As a Viet Nam veteran the subject is of interest to me, so I had to watch it.  The first episode aired on PBS last night.  It goes all the way back to the French colonizing Viet Nam in the 1860's.  It brings the story up to about 1960.  They mention Ho Chi Minh showing up at the Versailles Peace Conference in 1919 with a petition for President Wilson to get some moderation of the French rule in Viet Nam.  They cover Ho Chi Minh's establishment of an independent Viet Nam right at the end of WWII, and how the British and the French moved in troops to turn the place back into a French colony.  This was a key moment, if Ho's regime had survived, running all of Viet Nam, the later Viet Nam war would not have happened.  If we Americans had been paying attention (we weren't) we could have told the British and the French to cool it.  This was 1946, and that year nobody dared talk back to the Americans.
     The show had an annoying number of "flashforwards"  Right in the middle of showing events of the 1940's or '50's they would cut to a scene from the 1960's, usually American soldiers in combat gear with a voice of from some veteran explaining how awful the whole thing was.  I didn't need this, I was there, both my brothers were there, I know how awful it was.  The antiwar movement in the '60s is still alive (smaller but still there) and they have made it plain to everyone how awful it was.  I was watching this to see what really happened not to hear yet another voice over telling me how awful it was.
   They told the story pretty straight, the way I remember it happening.  One minor goof,  in the early '50s they described Charles De Gaulle as president of France.  Actually that De Gaulle didn't come out of retirement and take over France until  December 1958.  One thing was new to me, they said that President Truman authorized $23 million in 1949 to support the French in Viet Nam.  They didn't explain just how this happened.  Did Truman just come  up with the money out of some fund somewhere in the vast federal budget?  Did he slip the money into an appropriate bill somewhere?  Who in the Truman administration  thought backing the French against the Viet Minh was a good idea in 1949? 
   The rest of the history, Diem Bien Pho, the partition into North and South, the promised election that was never held because everyone thought Ho Chi Minh would win it, the rise of Nguyen Do Diem in the south, is they way I remember it.  The episode ends before Tonkin Gulf, Johnson landing the Marines, but it's a good opener, covering important background.

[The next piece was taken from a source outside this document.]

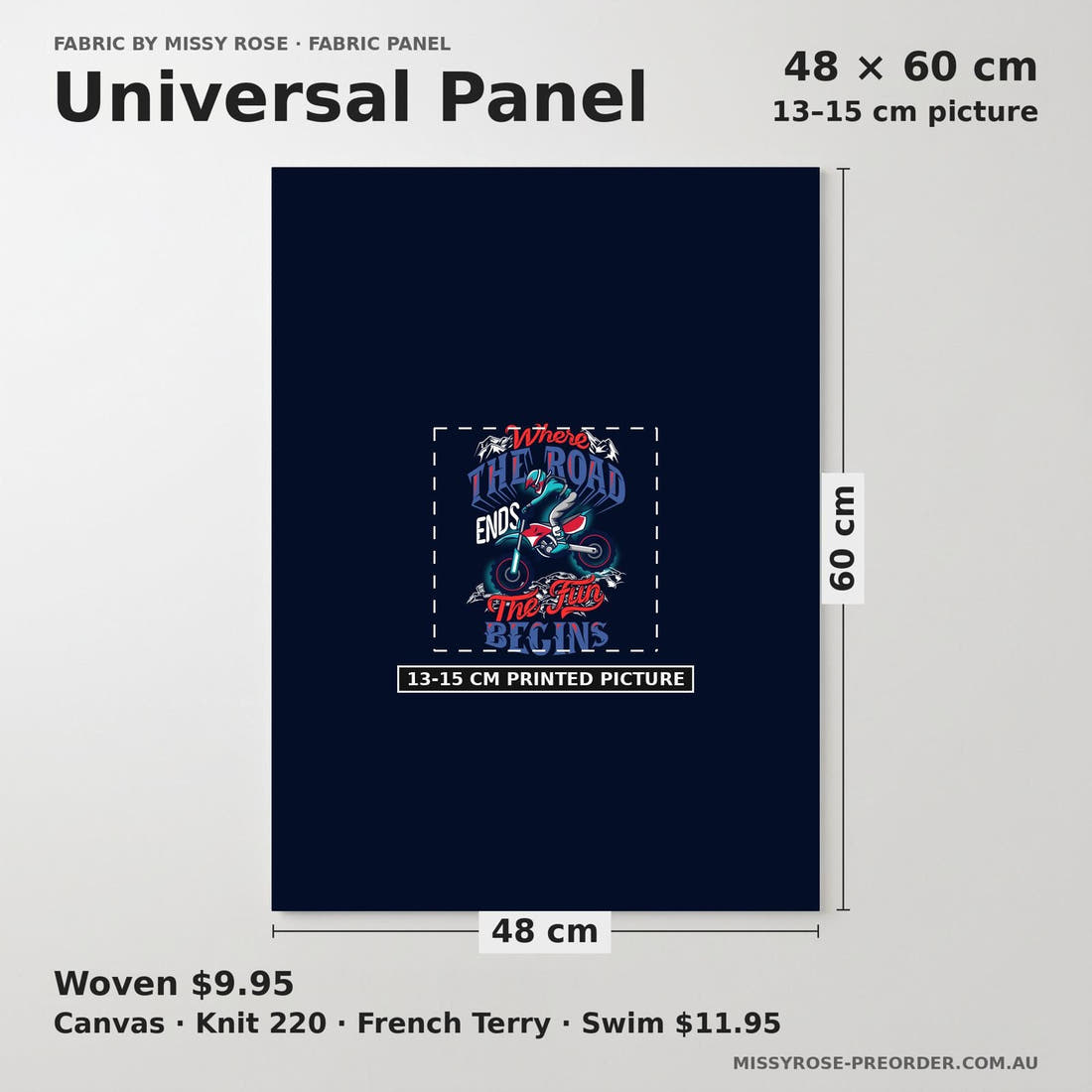 Design 1095 Navy Racer Panel universal panel sizing – 13–15 cm printed picture on 48 × 60 cm fabric | Fabric by Missy Rose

   They did not discuss any "might have beens".  Times where someone could have changed the course of history and prevented the war from happening.  And they didn't discuss the mind set of most Americans, especially the American leadership.  Everyone remembered Munich, where decisive action could have deposed Hitler and prevented WWII.  They saw Ho Chi Minh as a communist (he was) and thus an agent of Russian expansionism.  In those years we saw the communist takeover of China as Russia taking over China (not true) and we were not going to permit any more communist expansion anywhere.  Opposing Ho Chi Minh was seen as what we should have done at Munich back in 1938.  This widespread attitude goes far to explain how we Americans got sucked into Viet Nam.